____ Records for this exercise

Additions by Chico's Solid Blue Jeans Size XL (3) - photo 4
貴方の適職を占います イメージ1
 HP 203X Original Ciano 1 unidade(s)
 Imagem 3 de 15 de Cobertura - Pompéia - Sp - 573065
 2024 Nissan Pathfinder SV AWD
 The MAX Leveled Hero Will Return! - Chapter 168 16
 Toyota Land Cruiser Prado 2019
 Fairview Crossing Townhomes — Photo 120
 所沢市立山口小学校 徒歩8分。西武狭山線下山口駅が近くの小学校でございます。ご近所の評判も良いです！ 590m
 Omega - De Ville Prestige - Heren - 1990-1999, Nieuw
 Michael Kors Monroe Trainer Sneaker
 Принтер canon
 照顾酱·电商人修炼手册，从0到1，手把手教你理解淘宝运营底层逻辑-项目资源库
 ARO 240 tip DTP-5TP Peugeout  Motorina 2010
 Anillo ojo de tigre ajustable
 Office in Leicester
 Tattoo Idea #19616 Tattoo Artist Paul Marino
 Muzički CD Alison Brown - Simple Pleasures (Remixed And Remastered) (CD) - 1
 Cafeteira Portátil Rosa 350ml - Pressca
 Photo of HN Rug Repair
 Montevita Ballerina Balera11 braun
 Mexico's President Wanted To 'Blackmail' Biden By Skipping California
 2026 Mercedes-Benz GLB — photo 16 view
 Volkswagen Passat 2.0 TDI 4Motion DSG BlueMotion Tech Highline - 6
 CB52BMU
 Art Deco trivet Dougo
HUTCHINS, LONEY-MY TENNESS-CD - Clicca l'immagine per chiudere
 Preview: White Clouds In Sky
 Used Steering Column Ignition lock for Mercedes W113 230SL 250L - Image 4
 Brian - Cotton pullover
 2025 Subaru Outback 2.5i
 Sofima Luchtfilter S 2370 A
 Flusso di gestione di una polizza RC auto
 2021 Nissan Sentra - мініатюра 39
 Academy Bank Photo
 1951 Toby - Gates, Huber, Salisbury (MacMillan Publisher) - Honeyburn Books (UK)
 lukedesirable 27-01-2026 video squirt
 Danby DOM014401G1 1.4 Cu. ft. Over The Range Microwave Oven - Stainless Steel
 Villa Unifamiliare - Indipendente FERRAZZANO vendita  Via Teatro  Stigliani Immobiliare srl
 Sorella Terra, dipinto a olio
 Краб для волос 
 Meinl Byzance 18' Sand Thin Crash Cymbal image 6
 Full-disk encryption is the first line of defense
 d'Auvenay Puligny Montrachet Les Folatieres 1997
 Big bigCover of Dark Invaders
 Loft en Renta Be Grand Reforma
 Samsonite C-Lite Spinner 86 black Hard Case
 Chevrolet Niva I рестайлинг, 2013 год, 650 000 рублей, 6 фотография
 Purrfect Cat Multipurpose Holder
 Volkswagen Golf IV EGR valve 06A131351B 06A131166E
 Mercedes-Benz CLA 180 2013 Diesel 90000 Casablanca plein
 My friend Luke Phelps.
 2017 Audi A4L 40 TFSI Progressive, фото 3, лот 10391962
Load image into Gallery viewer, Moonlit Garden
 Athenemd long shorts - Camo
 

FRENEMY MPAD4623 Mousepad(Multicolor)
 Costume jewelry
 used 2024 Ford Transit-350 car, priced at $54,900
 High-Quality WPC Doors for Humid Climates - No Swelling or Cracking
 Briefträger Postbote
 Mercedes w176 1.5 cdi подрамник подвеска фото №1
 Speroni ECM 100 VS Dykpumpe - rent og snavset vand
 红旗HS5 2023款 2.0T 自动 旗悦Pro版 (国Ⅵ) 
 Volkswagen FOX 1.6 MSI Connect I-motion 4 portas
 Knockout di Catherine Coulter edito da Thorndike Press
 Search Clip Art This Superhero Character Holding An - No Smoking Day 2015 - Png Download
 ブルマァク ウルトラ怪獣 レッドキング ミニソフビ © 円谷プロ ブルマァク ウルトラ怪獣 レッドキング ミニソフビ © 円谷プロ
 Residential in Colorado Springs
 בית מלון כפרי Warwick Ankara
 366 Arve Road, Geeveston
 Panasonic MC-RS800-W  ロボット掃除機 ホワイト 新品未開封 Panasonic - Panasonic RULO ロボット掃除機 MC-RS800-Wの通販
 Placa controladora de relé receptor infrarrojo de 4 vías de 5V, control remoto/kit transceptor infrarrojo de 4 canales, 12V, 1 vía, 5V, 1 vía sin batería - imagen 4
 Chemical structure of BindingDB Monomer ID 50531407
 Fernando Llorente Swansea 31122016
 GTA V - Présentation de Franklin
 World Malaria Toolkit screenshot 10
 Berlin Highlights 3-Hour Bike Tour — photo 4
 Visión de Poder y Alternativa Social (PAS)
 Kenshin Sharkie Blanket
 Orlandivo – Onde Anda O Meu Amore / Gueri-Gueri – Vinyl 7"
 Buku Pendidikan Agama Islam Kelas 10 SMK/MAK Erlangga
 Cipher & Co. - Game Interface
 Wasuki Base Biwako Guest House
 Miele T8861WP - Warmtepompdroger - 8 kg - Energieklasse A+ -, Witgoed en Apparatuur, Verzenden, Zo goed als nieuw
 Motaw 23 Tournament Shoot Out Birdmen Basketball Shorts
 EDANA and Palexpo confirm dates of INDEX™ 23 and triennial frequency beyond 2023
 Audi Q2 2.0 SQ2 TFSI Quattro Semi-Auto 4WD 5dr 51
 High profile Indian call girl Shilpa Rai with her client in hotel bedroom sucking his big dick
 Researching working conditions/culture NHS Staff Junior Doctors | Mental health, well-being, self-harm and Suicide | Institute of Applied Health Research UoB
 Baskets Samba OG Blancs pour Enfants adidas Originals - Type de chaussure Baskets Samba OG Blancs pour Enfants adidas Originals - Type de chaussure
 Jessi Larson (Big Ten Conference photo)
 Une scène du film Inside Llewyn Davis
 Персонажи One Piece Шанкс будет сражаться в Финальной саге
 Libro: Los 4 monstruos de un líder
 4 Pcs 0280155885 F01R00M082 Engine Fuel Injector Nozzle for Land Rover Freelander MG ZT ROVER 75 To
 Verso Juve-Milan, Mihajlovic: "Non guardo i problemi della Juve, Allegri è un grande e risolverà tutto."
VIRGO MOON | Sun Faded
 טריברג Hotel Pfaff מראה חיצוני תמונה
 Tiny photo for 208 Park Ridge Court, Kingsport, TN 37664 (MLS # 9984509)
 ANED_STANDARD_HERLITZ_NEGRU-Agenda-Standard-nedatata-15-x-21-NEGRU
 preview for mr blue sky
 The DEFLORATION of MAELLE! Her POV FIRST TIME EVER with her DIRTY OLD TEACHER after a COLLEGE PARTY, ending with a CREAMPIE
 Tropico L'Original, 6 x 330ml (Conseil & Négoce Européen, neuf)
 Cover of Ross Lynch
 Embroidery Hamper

________

* [Brief] Which lines run from the one containing "Visión de Poder y Alternativa Social (PAS)" to the end of the entries above? Quote exactly those, and only those.

* [Written response]
 Visión de Poder y Alternativa Social (PAS)
 Kenshin Sharkie Blanket
 Orlandivo – Onde Anda O Meu Amore / Gueri-Gueri – Vinyl 7"
 Buku Pendidikan Agama Islam Kelas 10 SMK/MAK Erlangga
 Cipher & Co. - Game Interface
 Wasuki Base Biwako Guest House
 Miele T8861WP - Warmtepompdroger - 8 kg - Energieklasse A+ -, Witgoed en Apparatuur, Verzenden, Zo goed als nieuw
 Motaw 23 Tournament Shoot Out Birdmen Basketball Shorts
 EDANA and Palexpo confirm dates of INDEX™ 23 and triennial frequency beyond 2023
 Audi Q2 2.0 SQ2 TFSI Quattro Semi-Auto 4WD 5dr 51
 High profile Indian call girl Shilpa Rai with her client in hotel bedroom sucking his big dick
 Researching working conditions/culture NHS Staff Junior Doctors | Mental health, well-being, self-harm and Suicide | Institute of Applied Health Research UoB
 Baskets Samba OG Blancs pour Enfants adidas Originals - Type de chaussure Baskets Samba OG Blancs pour Enfants adidas Originals - Type de chaussure
 Jessi Larson (Big Ten Conference photo)
 Une scène du film Inside Llewyn Davis
 Персонажи One Piece Шанкс будет сражаться в Финальной саге
 Libro: Los 4 monstruos de un líder
 4 Pcs 0280155885 F01R00M082 Engine Fuel Injector Nozzle for Land Rover Freelander MG ZT ROVER 75 To
 Verso Juve-Milan, Mihajlovic: "Non guardo i problemi della Juve, Allegri è un grande e risolverà tutto."
VIRGO MOON | Sun Faded
 טריברג Hotel Pfaff מראה חיצוני תמונה
 Tiny photo for 208 Park Ridge Court, Kingsport, TN 37664 (MLS # 9984509)
 ANED_STANDARD_HERLITZ_NEGRU-Agenda-Standard-nedatata-15-x-21-NEGRU
 preview for mr blue sky
 The DEFLORATION of MAELLE! Her POV FIRST TIME EVER with her DIRTY OLD TEACHER after a COLLEGE PARTY, ending with a CREAMPIE
 Tropico L'Original, 6 x 330ml (Conseil & Négoce Européen, neuf)
 Cover of Ross Lynch
 Embroidery Hamper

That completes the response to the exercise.